First, they argued that they had no duty to protect Boyd against an “open and

obvious” danger, such as snow and ice. Second, they asserted that they exercised

due care between the time of snow event and Boyd’s fall. And third, they argued

that comparative negligence was not appropriate in the absence of showing of

negligence.

After considering the parties’ arguments and briefs, the Trial Court

granted the motion for summary judgment. The Trial Court agreed with Tates

Creek and Parkway that the accumulation of snow and ice was a natural outdoor

hazard that was obvious to Boyd. The Trial Court held that, by choosing to cut

through the grassy area, Boyd failed to take action to avoid the hazard.

Consequently, the Trial Court concluded that Tates Creek and Parkway could not

-3- have breached any duty they owed to Boyd. Boyd now appeals from the judgment

dismissing her claims. Additional facts will be set forth below as necessary.

The sole question presented on appeal is whether Tates Creek and

Parkway were entitled to summary judgment as a matter of law. “The proper

function of summary judgment is to terminate litigation when, as a matter of law, it

appears that it would be impossible for the respondent to produce evidence at the

trial warranting a judgment in his favor.” Steelvest, Inc. v. Scansteel Service

Center, Inc., 807 S.W.2d 476, 480 (Ky. 1991). Summary judgment is appropriate

“if the pleadings, depositions, answers to interrogatories, stipulations, and

admissions on file, together with the affidavits, if any, show that there is no

genuine issue as to any material fact and that the moving party is entitled to a

judgment as a matter of law.” CR1 56.03. The record must be viewed in a light

most favorable to the party opposing the motion for summary judgment, and all

doubts are to be resolved in her favor. Steelvest, 807 S.W.2d at 480. The Trial

Court must examine the evidence, not to decide any issue of fact, but to discover if

a real issue exists. Id. Because a summary judgment involves no fact-finding, this

Court’s review is de novo, in the sense that we owe no deference to the conclusions

of the Trial Court. Scrifres v. Kraft, 916 S.W.2d 779, 781 (Ky. App. 1996).

1 Kentucky Rules of Civil Procedure.

-4- In any cause of action based on negligence, a plaintiff bears the

burden of establishing a duty on the part of a defendant, breach of that duty, and a

causal connection between the breach of the duty and an injury suffered by the

plaintiff. Mullins v. Commonwealth Life Insurance Co., 839 S.W.2d 245, 247 (Ky.
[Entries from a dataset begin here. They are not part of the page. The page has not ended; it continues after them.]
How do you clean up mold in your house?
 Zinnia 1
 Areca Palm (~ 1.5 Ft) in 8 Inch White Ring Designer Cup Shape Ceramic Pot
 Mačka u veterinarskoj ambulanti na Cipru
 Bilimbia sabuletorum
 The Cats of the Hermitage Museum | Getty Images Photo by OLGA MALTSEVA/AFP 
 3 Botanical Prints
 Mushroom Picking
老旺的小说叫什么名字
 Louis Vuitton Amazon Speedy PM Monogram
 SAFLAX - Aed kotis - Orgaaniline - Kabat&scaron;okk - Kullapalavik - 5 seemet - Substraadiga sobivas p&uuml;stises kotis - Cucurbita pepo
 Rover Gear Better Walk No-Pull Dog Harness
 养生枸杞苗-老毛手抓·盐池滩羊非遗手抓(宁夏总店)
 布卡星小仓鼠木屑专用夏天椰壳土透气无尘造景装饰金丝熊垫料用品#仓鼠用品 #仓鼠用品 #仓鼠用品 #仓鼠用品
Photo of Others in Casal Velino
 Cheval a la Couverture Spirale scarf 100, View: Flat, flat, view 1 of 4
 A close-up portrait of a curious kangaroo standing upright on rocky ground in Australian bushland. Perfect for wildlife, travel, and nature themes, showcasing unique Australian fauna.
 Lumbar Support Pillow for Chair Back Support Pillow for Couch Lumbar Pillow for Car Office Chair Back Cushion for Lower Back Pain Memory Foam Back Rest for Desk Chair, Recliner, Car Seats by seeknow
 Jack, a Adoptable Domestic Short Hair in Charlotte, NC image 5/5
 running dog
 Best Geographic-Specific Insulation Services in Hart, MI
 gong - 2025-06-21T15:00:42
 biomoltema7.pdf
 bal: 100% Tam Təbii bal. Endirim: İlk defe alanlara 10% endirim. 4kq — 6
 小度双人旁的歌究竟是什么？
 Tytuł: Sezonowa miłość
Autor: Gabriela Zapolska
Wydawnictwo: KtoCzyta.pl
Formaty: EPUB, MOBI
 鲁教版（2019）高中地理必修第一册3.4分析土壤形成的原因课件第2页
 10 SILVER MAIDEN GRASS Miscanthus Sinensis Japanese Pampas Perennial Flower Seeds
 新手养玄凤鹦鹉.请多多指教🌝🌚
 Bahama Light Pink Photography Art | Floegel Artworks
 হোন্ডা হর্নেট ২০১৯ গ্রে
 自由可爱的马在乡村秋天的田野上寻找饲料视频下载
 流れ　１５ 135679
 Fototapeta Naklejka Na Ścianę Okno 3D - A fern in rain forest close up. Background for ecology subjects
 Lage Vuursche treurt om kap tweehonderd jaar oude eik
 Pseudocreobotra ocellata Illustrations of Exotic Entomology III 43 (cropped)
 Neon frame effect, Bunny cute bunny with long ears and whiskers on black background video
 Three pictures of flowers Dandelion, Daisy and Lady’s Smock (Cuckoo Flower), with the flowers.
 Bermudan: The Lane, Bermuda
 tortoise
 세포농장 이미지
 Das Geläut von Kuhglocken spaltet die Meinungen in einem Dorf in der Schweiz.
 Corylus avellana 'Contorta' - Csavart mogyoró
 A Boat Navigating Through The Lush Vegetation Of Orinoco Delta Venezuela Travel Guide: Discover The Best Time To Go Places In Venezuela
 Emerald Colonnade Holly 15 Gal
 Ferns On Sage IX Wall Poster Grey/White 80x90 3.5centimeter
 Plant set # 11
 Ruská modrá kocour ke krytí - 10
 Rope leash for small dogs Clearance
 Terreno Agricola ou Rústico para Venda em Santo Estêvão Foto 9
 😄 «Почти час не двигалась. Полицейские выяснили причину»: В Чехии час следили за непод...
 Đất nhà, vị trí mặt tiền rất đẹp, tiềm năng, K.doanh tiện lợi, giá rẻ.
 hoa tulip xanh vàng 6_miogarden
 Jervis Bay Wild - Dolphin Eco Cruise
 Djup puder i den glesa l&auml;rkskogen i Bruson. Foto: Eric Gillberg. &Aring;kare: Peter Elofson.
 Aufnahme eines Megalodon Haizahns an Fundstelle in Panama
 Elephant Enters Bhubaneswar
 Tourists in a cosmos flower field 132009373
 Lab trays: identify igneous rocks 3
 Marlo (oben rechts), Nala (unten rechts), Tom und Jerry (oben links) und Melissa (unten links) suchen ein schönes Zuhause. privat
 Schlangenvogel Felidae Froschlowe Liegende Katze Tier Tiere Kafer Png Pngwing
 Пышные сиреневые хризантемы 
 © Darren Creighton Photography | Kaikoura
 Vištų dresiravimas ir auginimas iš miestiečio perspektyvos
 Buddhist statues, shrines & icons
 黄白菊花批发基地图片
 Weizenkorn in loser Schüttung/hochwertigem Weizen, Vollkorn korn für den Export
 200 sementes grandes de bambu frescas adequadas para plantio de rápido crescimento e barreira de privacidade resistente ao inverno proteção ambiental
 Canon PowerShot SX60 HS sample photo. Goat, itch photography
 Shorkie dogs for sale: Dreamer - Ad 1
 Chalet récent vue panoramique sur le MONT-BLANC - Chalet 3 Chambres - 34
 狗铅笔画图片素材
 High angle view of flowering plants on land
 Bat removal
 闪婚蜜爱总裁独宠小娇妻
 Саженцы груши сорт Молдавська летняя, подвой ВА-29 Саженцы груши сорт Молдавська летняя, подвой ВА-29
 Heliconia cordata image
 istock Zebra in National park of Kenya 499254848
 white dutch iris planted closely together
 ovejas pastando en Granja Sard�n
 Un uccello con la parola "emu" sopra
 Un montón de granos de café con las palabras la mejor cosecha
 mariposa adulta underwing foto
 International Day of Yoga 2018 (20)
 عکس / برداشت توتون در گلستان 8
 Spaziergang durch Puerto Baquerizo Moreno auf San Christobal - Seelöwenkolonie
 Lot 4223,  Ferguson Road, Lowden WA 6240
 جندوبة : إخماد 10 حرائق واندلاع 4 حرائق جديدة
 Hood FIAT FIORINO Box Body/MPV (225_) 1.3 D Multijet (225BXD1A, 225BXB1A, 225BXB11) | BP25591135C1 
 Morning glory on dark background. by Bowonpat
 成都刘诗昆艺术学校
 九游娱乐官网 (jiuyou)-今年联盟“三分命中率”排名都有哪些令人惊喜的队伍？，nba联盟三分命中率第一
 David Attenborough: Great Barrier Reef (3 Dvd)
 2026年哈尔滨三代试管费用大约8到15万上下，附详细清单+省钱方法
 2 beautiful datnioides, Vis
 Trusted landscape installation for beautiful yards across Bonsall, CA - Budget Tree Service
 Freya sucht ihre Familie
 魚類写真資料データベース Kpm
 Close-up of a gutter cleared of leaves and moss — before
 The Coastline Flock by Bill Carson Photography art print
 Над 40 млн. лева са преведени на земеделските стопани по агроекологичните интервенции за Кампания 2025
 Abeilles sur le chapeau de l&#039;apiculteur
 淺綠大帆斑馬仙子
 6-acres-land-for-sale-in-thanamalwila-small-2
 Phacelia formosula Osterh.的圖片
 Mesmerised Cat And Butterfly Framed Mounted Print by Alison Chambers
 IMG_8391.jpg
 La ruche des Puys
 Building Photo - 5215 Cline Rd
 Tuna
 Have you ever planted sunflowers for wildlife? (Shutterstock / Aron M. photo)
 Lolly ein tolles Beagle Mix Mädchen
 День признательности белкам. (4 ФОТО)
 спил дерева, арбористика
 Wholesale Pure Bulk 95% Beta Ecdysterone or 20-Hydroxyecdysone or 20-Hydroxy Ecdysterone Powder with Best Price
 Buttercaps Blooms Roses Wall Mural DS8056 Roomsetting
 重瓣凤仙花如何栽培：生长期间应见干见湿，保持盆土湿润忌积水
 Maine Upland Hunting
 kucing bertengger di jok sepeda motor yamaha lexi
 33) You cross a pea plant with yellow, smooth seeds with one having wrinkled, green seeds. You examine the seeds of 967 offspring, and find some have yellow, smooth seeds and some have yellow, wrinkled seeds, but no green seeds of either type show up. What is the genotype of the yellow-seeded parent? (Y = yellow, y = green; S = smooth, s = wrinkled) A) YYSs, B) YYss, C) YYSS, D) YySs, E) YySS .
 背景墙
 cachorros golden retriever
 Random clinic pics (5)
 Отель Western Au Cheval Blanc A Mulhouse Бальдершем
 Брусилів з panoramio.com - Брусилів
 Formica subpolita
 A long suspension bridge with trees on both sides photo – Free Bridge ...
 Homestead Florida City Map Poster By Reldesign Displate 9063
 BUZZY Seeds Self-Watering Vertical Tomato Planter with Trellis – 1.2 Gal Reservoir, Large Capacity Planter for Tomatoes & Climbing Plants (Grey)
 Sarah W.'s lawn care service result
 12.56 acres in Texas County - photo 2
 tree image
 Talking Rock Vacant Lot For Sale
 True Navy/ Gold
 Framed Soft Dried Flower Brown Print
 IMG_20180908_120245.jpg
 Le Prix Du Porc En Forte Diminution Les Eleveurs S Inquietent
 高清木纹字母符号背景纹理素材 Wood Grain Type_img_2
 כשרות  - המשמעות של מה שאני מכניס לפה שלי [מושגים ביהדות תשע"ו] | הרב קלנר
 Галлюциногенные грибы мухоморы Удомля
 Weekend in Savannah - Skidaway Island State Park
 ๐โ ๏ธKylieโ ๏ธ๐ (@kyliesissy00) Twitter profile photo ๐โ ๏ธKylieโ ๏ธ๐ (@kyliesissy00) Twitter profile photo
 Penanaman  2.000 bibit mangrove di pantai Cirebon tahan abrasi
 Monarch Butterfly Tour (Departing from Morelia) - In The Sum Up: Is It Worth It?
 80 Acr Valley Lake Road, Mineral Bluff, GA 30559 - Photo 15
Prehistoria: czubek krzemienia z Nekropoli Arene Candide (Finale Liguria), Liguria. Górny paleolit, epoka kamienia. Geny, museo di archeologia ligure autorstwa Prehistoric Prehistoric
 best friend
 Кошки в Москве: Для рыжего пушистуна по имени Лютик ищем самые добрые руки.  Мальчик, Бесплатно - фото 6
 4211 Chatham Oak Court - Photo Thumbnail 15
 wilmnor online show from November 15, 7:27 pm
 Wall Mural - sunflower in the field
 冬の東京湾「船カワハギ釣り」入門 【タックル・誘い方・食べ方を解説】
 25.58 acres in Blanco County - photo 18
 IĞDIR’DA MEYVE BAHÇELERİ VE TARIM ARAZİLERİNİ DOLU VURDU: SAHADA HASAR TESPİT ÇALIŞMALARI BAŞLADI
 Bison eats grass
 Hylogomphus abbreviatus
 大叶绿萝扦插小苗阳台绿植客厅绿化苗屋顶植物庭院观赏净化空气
1992). Duty presents a question of law, while breach and injury are fact questions

for a jury to decide. Causation is a mixed question of fact and law. Pathways, Inc.

v. Hammons, 113 S.W.3d 85, 88-89 (Ky. 2003). “If no duty is owed by the

defendant to the plaintiff, there can be no breach thereof, and therefore no

actionable negligence.” Ashcraft v. Peoples Liberty Bank & Trust Co., Inc.,724

S.W.2d 228, 229 (Ky. App. 1986).

While the basic law regarding negligence requires the existence of a

duty, the law regarding premises liability supplies the nature and scope of that

duty. Lewis v. B & R Corporation, 56 S.W.3d 432 (Ky. App. 2001). Generally

speaking, a possessor of land owes a duty to an invitee2 to discover unreasonably

dangerous conditions on the land and either eliminate or warn of them. See Dick’s

2 A person is an invitee if: (1) she enters by invitation, express or implied; (2) her entry is connected to the owner’s business or an activity the owner conducts or permits to be conducted on his land; and (3) there is mutuality of benefit to the owner. West v. KKI, L.L.C., 300 S.W.3d 184, 190 (Ky. App. 2008) (citing Johnson v. Lone Star Steakhouse & Saloon of Kentucky, Inc., 997 S.W.2d 490, 491-92 (Ky. App. 1999)).